The brand got off to a cracking start. At the opening cocktail party of the Geneva boutique, Sophia Loren, no less, was guest of honour. And when, in 1996, the boutique expanded to 106 rue du Rhone, Jacqueline Bisset and Gina Lollobrigida added to the growing roster of celebrity clients.

"I was so nervous about this very first de GRISOGONO event," remembers Gruosi. "It was the first time I met Sophia and she epitomises perfection to me, especially since I grew up in Italy where she is truly an icon. She made me feel comfortable right away. In fact, we recently had lunch in Porto Cervo. She remains someone very special to me and represents a very exciting moment in my life."

It was clear from the start that de GRISOGONO spoke to the most beautiful and extravagant women of the moment, and with this sparkling start, things only got better and better. Melanie Griffiths, Kate Moss, Salma Hayek, Demi Moore, Eva Herzigova, Eva Longoria and Naomi Campbell are just some of the women who have danced the night away in de GRISOGONO jewels.

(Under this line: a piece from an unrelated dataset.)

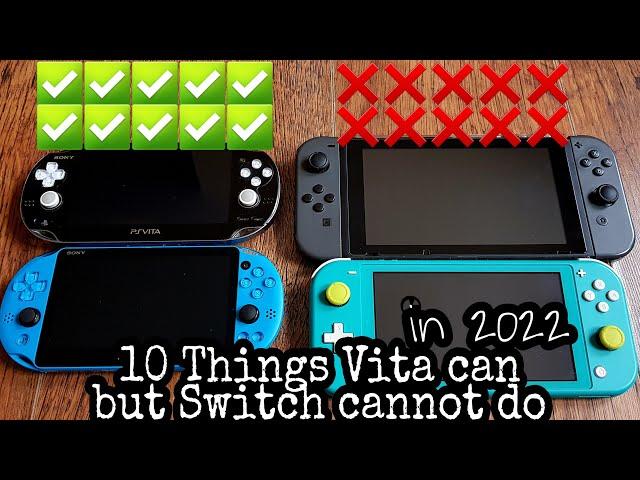 10 Things Ps Vita Can Do that Switch Cannot even in 2022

So what is Gruosi's secret? "I try to create the finest piece of jewellery, which is sometimes big but in perfect proportion and with pure and sensual lines. I am an aesthete. What has always fascinated me is the materials and the magnificence of a stone's colour," he explains.

Over the years, de GRISOGONO has created audacious and voluptuous jewels such as the Jane collection and surprised by using unusual materials like the black diamond - which de GRISOGONO first brought to the world of high jewellery - as well as Icy diamonds and 'Browny Brown' gold.

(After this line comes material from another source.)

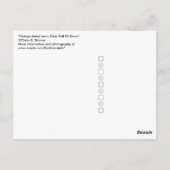 ヴィンテージの雪に満ちた金属製の芝生椅子 ポストカード (裏面)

It was in 1996 that Gruosi rocked jewellery convention when he presented a ring with a splendid white pearl atop a constellation of black diamonds. Never seen before in jewels of this kind, taking gambits such as this put the house at considerable financial risk due to black diamonds' lack of favour. But Gruosi followed his instinct and curiosity and was rewarded. Over the next two years the stone's value increased 35 times over.

It was this standout action that made the small, Geneva-based venture really take off. "My obsession with black diamonds was sparked by my discovery of the 190ct Black Orlov in a book [once the possession of Russian Princess Nadia Orlov]," says Gruosi. "The stone had not been popular due to the sensitive nature of the diamond and the precise cutting technique it requires to be transformed into a jewel. But the black diamond is no exception when it comes to dramatic impact and it has a fascinating history."

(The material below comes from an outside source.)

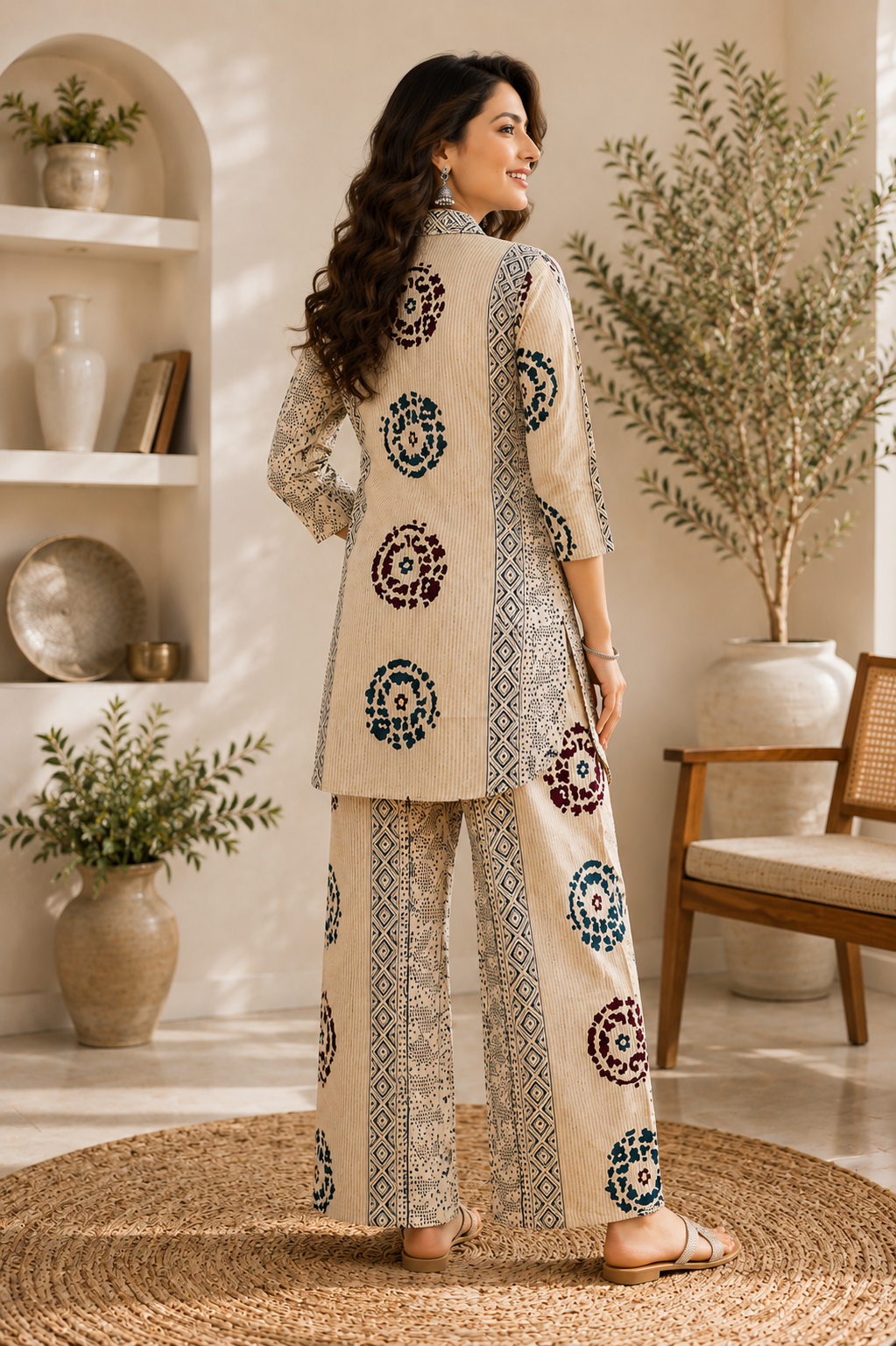 Ivory Heritage Printed Co-Ord Set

"I decided to dedicate a collection to this unique stone," continues Gruosi. "My strength lies in being anti-commercial. I do things out of passion. My first design soon caught the eye of a customer, notwithstanding her perplexity at the unfamiliar stones, and I promised her that her ring would forever remain unique. Despite many requests, it has indeed remained hers alone."

Gruosi tells us how he came to use another neglected stone, the Icy diamond: "I heard people calling Icy diamonds 'defective stones', but these defects are so homogeneous that they make them a miracle of nature. Icy diamonds are stones that have their own qualities and defects that can only be judged in a subjective manner. At the time, these milky stones were still something reserved for collectors. But in due course, just like black diamonds, they acquired great importance on the jewellery market."

The watches are as audacious as the jewels. As well as beautiful jewellery timekeepers, de GRISOGONO has ventured into some very unusual high complications. The 'Occhio' minute repeater and the 'Meccanico deG' stand out. Newest additions include the luminous Tondo by Night and the ultra-indulgent Sugar, swathed in precious gems.

"What I really like about the Tondo By Night is that it's imaginative and innovative," says Gruosi. "I love to take risks, and it is an example of one that I got good feedback from. After a creative complication, after a world-first mechanical digital watch, we did a fiberglass watch that was fun, innovative and stylish. I got the glow-in-the-dark feature idea in a nightclub. One can never imagine what de GRISOGONO's next step will be - that is the magic of this brand."